▸ WHAT THE TASK REQUIRES
All of the entries below, duplicated exactly, make up the answer.

Crawled caption data
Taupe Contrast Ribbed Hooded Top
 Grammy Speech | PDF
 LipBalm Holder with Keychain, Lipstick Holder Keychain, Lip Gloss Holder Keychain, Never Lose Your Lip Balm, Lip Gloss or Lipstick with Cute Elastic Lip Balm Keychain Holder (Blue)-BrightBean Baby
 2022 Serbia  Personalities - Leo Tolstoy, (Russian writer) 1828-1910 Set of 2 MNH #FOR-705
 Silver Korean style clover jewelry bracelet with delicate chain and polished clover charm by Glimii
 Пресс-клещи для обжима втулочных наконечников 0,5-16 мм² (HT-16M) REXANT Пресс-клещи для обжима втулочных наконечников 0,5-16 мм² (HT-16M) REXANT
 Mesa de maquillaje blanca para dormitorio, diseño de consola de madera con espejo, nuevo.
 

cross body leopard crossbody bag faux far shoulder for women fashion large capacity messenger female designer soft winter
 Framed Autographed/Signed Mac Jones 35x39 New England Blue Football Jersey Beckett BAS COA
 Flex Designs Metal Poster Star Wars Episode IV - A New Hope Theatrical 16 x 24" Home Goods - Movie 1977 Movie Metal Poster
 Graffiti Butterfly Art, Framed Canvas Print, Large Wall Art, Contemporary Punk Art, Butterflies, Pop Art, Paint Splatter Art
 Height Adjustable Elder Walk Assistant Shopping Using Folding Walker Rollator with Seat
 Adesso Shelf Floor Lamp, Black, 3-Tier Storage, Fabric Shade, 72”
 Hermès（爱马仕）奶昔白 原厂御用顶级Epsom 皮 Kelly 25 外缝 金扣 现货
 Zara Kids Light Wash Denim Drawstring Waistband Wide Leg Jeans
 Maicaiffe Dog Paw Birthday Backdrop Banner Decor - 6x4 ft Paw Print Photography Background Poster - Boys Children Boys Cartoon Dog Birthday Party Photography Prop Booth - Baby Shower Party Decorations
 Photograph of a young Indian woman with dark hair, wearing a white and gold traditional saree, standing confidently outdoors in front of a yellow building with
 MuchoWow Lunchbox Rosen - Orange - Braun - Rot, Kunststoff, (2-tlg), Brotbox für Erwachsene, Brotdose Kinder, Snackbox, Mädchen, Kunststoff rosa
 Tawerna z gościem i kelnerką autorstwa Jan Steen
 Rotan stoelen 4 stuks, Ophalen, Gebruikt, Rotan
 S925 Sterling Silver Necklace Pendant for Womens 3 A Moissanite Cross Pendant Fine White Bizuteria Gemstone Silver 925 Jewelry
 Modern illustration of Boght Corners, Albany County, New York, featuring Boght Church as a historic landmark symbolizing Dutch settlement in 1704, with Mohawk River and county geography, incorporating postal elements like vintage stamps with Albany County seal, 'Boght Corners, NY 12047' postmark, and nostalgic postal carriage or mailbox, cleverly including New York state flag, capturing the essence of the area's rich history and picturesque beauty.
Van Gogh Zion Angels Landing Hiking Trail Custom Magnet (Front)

▸ WRITTEN REPLY
Taupe Contrast Ribbed Hooded Top
 Grammy Speech | PDF
 LipBalm Holder with Keychain, Lipstick Holder Keychain, Lip Gloss Holder Keychain, Never Lose Your Lip Balm, Lip Gloss or Lipstick with Cute Elastic Lip Balm Keychain Holder (Blue)-BrightBean Baby
 2022 Serbia  Personalities - Leo Tolstoy, (Russian writer) 1828-1910 Set of 2 MNH #FOR-705
 Silver Korean style clover jewelry bracelet with delicate chain and polished clover charm by Glimii
 Пресс-клещи для обжима втулочных наконечников 0,5-16 мм² (HT-16M) REXANT Пресс-клещи для обжима втулочных наконечников 0,5-16 мм² (HT-16M) REXANT
 Mesa de maquillaje blanca para dormitorio, diseño de consola de madera con espejo, nuevo.
 

cross body leopard crossbody bag faux far shoulder for women fashion large capacity messenger female designer soft winter
 Framed Autographed/Signed Mac Jones 35x39 New England Blue Football Jersey Beckett BAS COA
 Flex Designs Metal Poster Star Wars Episode IV - A New Hope Theatrical 16 x 24" Home Goods - Movie 1977 Movie Metal Poster
 Graffiti Butterfly Art, Framed Canvas Print, Large Wall Art, Contemporary Punk Art, Butterflies, Pop Art, Paint Splatter Art
 Height Adjustable Elder Walk Assistant Shopping Using Folding Walker Rollator with Seat
 Adesso Shelf Floor Lamp, Black, 3-Tier Storage, Fabric Shade, 72”
 Hermès（爱马仕）奶昔白 原厂御用顶级Epsom 皮 Kelly 25 外缝 金扣 现货
 Zara Kids Light Wash Denim Drawstring Waistband Wide Leg Jeans
 Maicaiffe Dog Paw Birthday Backdrop Banner Decor - 6x4 ft Paw Print Photography Background Poster - Boys Children Boys Cartoon Dog Birthday Party Photography Prop Booth - Baby Shower Party Decorations
 Photograph of a young Indian woman with dark hair, wearing a white and gold traditional saree, standing confidently outdoors in front of a yellow building with
 MuchoWow Lunchbox Rosen - Orange - Braun - Rot, Kunststoff, (2-tlg), Brotbox für Erwachsene, Brotdose Kinder, Snackbox, Mädchen, Kunststoff rosa
 Tawerna z gościem i kelnerką autorstwa Jan Steen
 Rotan stoelen 4 stuks, Ophalen, Gebruikt, Rotan
 S925 Sterling Silver Necklace Pendant for Womens 3 A Moissanite Cross Pendant Fine White Bizuteria Gemstone Silver 925 Jewelry
 Modern illustration of Boght Corners, Albany County, New York, featuring Boght Church as a historic landmark symbolizing Dutch settlement in 1704, with Mohawk River and county geography, incorporating postal elements like vintage stamps with Albany County seal, 'Boght Corners, NY 12047' postmark, and nostalgic postal carriage or mailbox, cleverly including New York state flag, capturing the essence of the area's rich history and picturesque beauty.
Van Gogh Zion Angels Landing Hiking Trail Custom Magnet (Front)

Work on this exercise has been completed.